Many modern code hosting platforms (e.g. GitHub and GitLab) parse commit messages to do something smart with them. The most common is probably to look for references to an issue number and create a link or close the issue. For example: “Fixes #37”. Commit messages can also be used to notify or reference other users. For example: “I think @funnelfiasco broke it. Again.”

These automated actions have a lot of utility. They simplify the communication process. Manually linking to issues, users, etc would be a pain, which means it would never happen. This hurts not only the project developers, but also the users trying to dive into troubleshooting a problem.

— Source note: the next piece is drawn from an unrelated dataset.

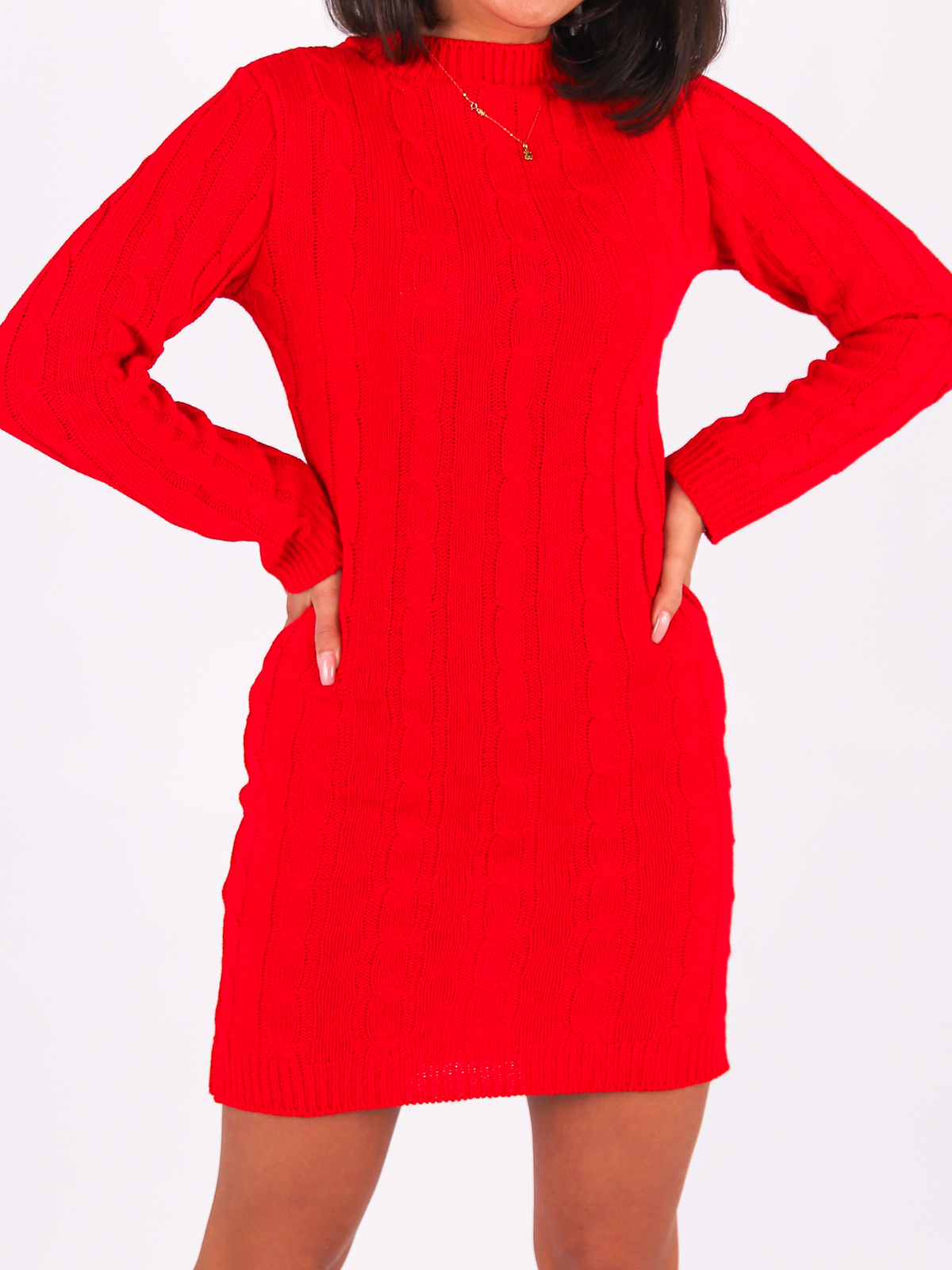 Sweter dopasowana sukienka warkocze oversize czerwony k08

But it’s not all candy and rainbows. As an example, a coworker removed the “deprecated” decorator from some Python code. His commit message included “un-@deprecated”. Our GitLab instance saw the “@” and decided to add the “deprecated” group to the issue. That added the entire engineering and operations teams to the issue.

The obvious solution is to require a more explicit markup than a single character. Something like “HEYDOTHIS-NOTIFY-funnelfiasco” reduces the possibility of accidentally triggering an action. On the other hand, it’s a giant pain in the ass. This, as above, means it’s likely to not be used. Even if it is still used, manual syntax is prone to error.

So what’s the answer? I don’t have a good solution. Projects parse commit messages on a daily basis to simplify workflows and improve communication. The Asterisk community, as an example, uses more than just simple tagging. The drawbacks are mostly nuisance at this point, and I don’t think they outweigh the benefits.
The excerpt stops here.